In 1998, López was detained for marihuana trafficking and he was sentenced to 15 years in prison. Due to good behavior, he was released three years before the end of his sentence.

Hipólito López, “Polo”, spent 12 years in prison at Beaumont, Texas, where he learned various crafts. (Jessica Salcedo/Borderzine.com)

Hipólito López, “Polo”, spent 12 years in prison at Beaumont, Texas, where he learned various crafts. (Jessica Salcedo/Borderzine.com)

About four years ago, López was released and deported back to Durango, Mexico, his hometown, where he was reunited with his wife and his daughter. It was difficult for him to reintegrate into the community, but his biggest problem was finding a job.

“I tried looking for a job for a long time, but the economic crisis here in Mexico is bad and no one wanted to hire me. I worked in agriculture, planting chile and delivering tortillas, but that didn’t give me enough money to support my family,” López said.

Due to the lack of job opportunities in Mexico, López decided to open his own saddlery business and utilize the skills that he learned in prison to create crafts.

Saddlery is the making of articles or accessories out of leather. “With saddlery you can make belts, saddles, chaps, wallets and handbags,” said López.

Because López lives in a small community in Durango where ridding horses is a primary form of transportation, his most popular pieces are belts and chaps.

“My clients sometimes request personalized belts with their names or with a special design,” said López. The pieces that he creates are hand made with his own designs and every article is unique, authentic and of high quality.

“The only thing that I do by a machine is to sew, but the designs are made by hand,” he said.

Despite the short time that his saddlery business has been open, López has had plenty of orders and everyday his pieces are gaining recognition due to their originality and particular design. His work is enhanced by the high quality of the materials that are native to the Durango area.

López found out through some friends that he could qualify for help from the state government to establish his own business.

After a long process and multiple interviews, La Secretaria de Desarrollo Economico del Estado de Durango donated two special machines to help start his micro-enterprise. The machines he received are for sewing and to cut the leather that he utilizes to make different pieces.
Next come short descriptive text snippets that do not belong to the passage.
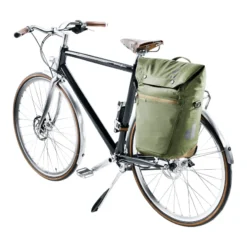 Mainhattan 17+10 Fahrradtasche grün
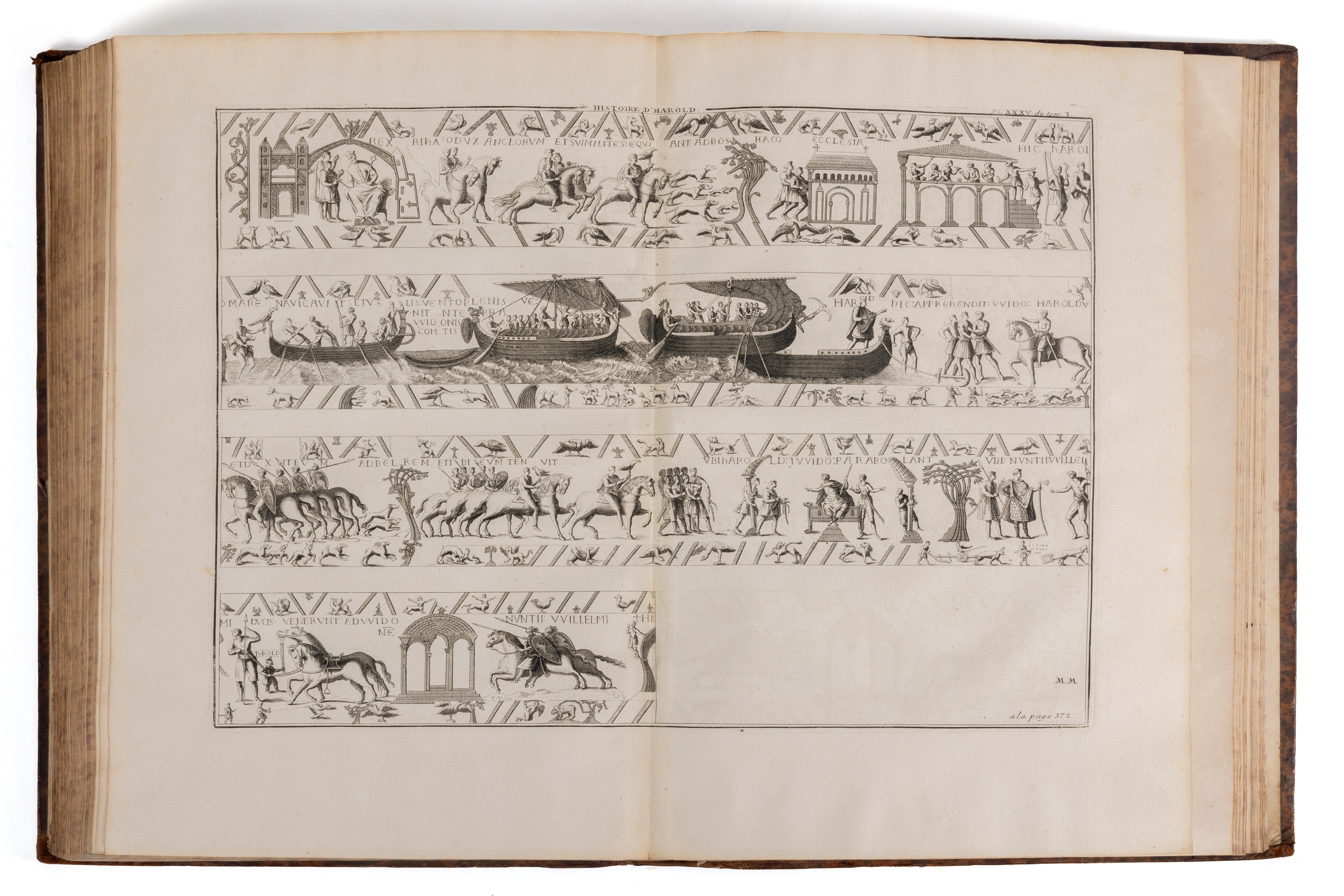 Bernard De Montfaucon - Les Monumens de la Monarchie Francoise, 1729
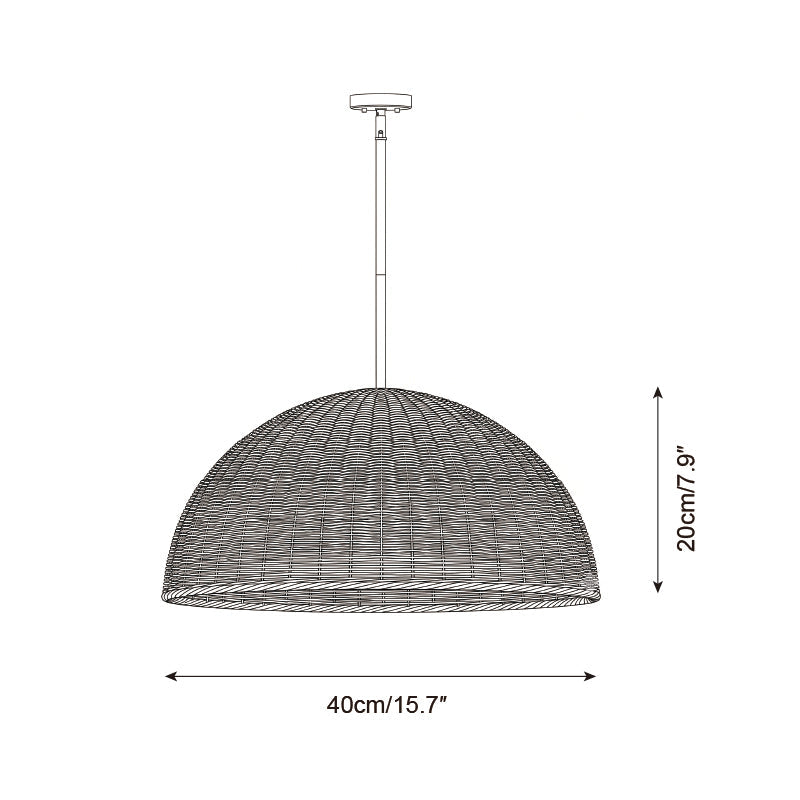 Ravena Curated Solid Brass Pendant Light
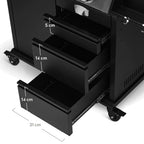 Burnhard Big EARL 4-Burner Premium Gas Grill 2025 - Black Edition Pro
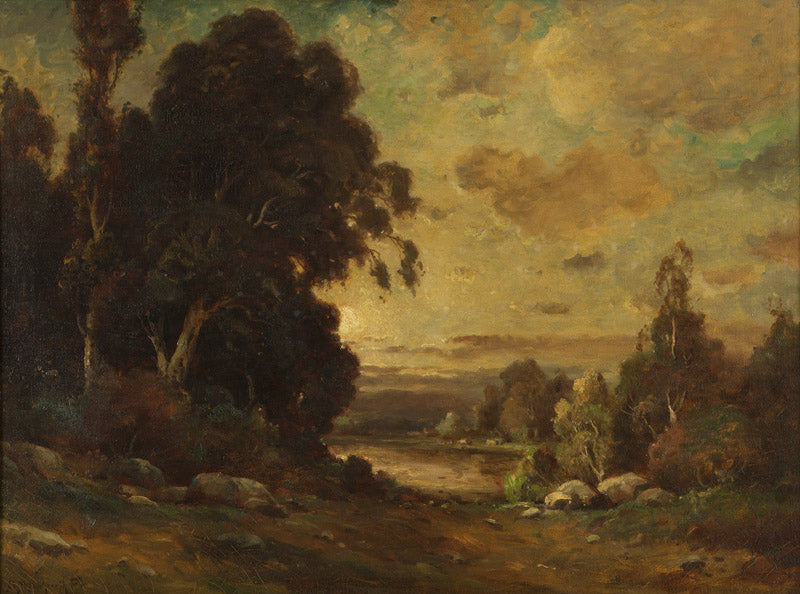 California Landscape by Alexis Matthew Podchernikoff,16x12(A3) Poster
“From 60 people, I was one of eight chosen and with that intention they donated the machines to me, so that I could generate employment for people living here in Durango,” said López

Besides the machines donated by the government, he has slowly bought other tools that are especially design for his job. “The only thing that was difficult to me was to find a couple of tools that they don’t sell here,” said López.

He had the good luck to obtain most of his tools from a friend, who also was in prison in the United States and who does saddlery and his shop is installed in a location that was loaned by one of his relatives.

López does not limit his dreams of managing his own business. His plans for the future include relocating his business to a larger city and renting a bigger place.

For the moment, he is the owner and only worker at the shop, but he is willing to share his knowledge about the craft. He said would like to give employment to people in his community and generate more sources of income.